Samedi 30 juillet, nous passons devant le stade de Pauliström, village du Smaland isolé sur la route qui mène de Vetlanda à Mariannelund. Deux équipes de migrants s’affrontent pacifiquement au football, et leur jeu est le seul signe d’une vie publique locale.
À Ronneby, ville de 12.000 habitants dans la province sudiste du Beklinge, le marché est entièrement maghrébin. Vendeurs et acheteurs ont repeint la place à leurs couleurs.
À Bodafors, à Växjo, à Vetlanda, vous croiserez les mêmes hommes devisant devant les maisons qui leur ont été affectées ou trompant leur ennui sur les bancs de la place, les mêmes femmes en tchador allant faire leurs courses. Cherchez ces bourgs sur la carte et vous réaliserez à quel saupoudrage se sont livrées les autorités suédoises.
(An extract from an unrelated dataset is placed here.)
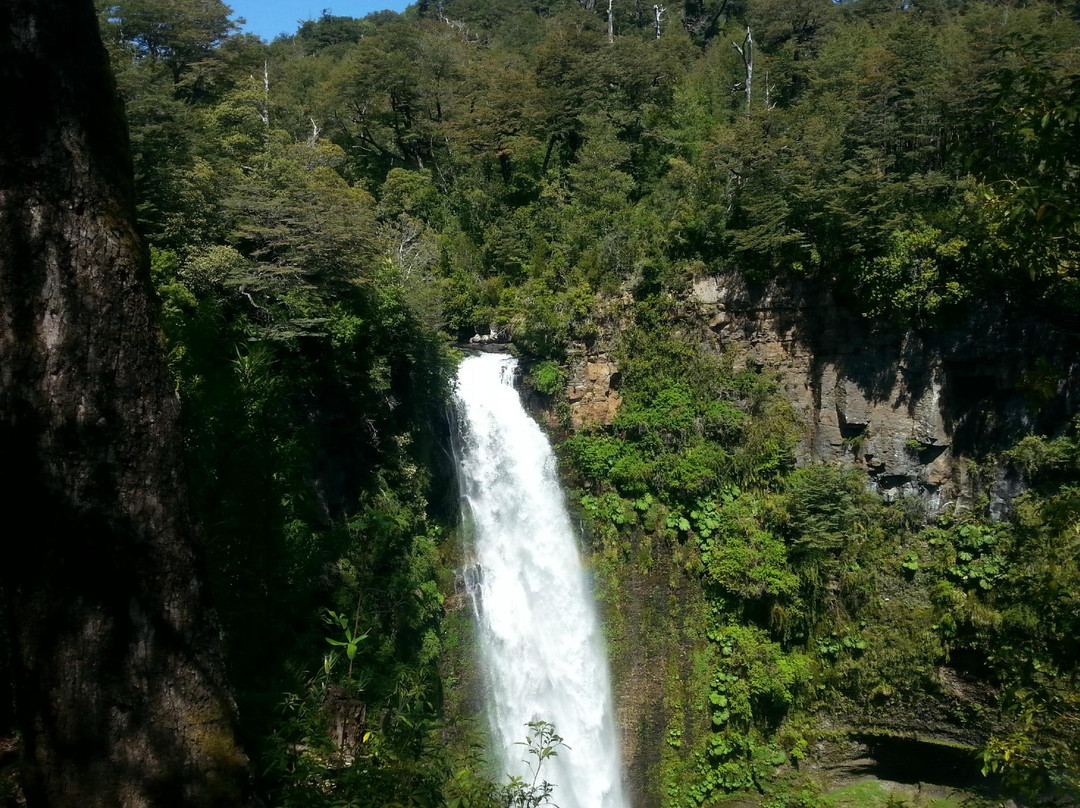 Parque Nacional Tolhuaca-Curacautin必去景点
Ce saupoudrage relève-t-il d’un parti pris idéologique ou d’une gestion comptable immobilière ? Que deviendront ces hommes et ces femmes dans des villages dénués de toute structure éducative ou sociale ? Que se passera-t-il quand le poids de l’ennui deviendra insupportable au cœur de l’hiver et de la forêt ? Veut-on vraiment nous faire croire que des fillettes portant immuablement l’habit traditionnel musulman dans le sillage de leurs parents sauront s’intégrer dans une société suédoise rurale conservatrice au sens le plus noble du terme, et qu’elles trouveront ici leur futur emploi ?
Confronté à ce contraste surprenant entre deux Suèdes qui se côtoient poliment, je suis allé consulter le site Web de l’agence suédoise de l’immigration (www.migrationsverket.se). Il nous apprend que 320.000 migrants sont arrivés en 4 ans (2013–2016). Les statistiques officielles dénombrent 50.000 naturalisations par an depuis 15 ans, ce qui est à peu près corroboré par l’accroissement de la population suédoise, passée de 8,6 millions en 1990 à 9,9 millions en 2017, alors que les familles suédoises ont un taux de renouvellement plutôt plat…
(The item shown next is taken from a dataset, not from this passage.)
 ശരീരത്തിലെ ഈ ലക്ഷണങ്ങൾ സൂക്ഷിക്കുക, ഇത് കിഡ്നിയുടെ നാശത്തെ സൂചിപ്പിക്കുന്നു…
L’impact visuel, comme disent les spécialistes de l’environnement, est supérieur aux valeurs officielles présentées en pourcentage. Il ne faut cependant pas négliger le côté subjectif de cette impression visuelle quand le contraste entre deux sociétés vivant côte à côte est si fort. Je ne connais pas les grandes villes ; sans doute y trouve-t-on une fusion spatiale plus importante des deux populations et un parti pris plus mondialiste de la part des élites intellectuelles et politiques, mais l’observation des campagnes suédoises trace une frontière nette entre des migrants statiques s’arrêtant aux dernières maisons des petits bourgs et des autochtones enracinés dans les forêts ou sur des landes parsemées de lourdes pierres. Les magasins de ces bourgades isolées sont des zones frontalières dans lesquelles la froide politesse des Suédois sourit discrètement à ces migrants de première génération, calmes et encore ébahis de trouver là l’image de l’opulence.
La Suède fait partie de ces pays scandinaves initialement rudes, dénués de ressources et de richesses naturelles (hormis quelques mines dans le grand Nord, comme Kiruna, dont l’exploitation relève de l’exploit historique) et dont les habitants restèrent pauvres jusque dans les années 1950. Elle est à l’image de ses landes dont chaque génération a dû extraire les lourdes pierres et les souches pour en faire des pâturages. Même si ces gros fragments de granit se sont aujourd’hui mués en défis de haute technologie, sa société ne pourra survivre qu’au prix d’une culture de l’effort renouvelée et partagée. Le mirage de son état-providence s’est déjà éteint.
Chaque été, il faut repeindre un pan de mur, extraire quelques pierres, refaire un tronçon de chemin. Chaque été, il faut préparer l’hiver suédois.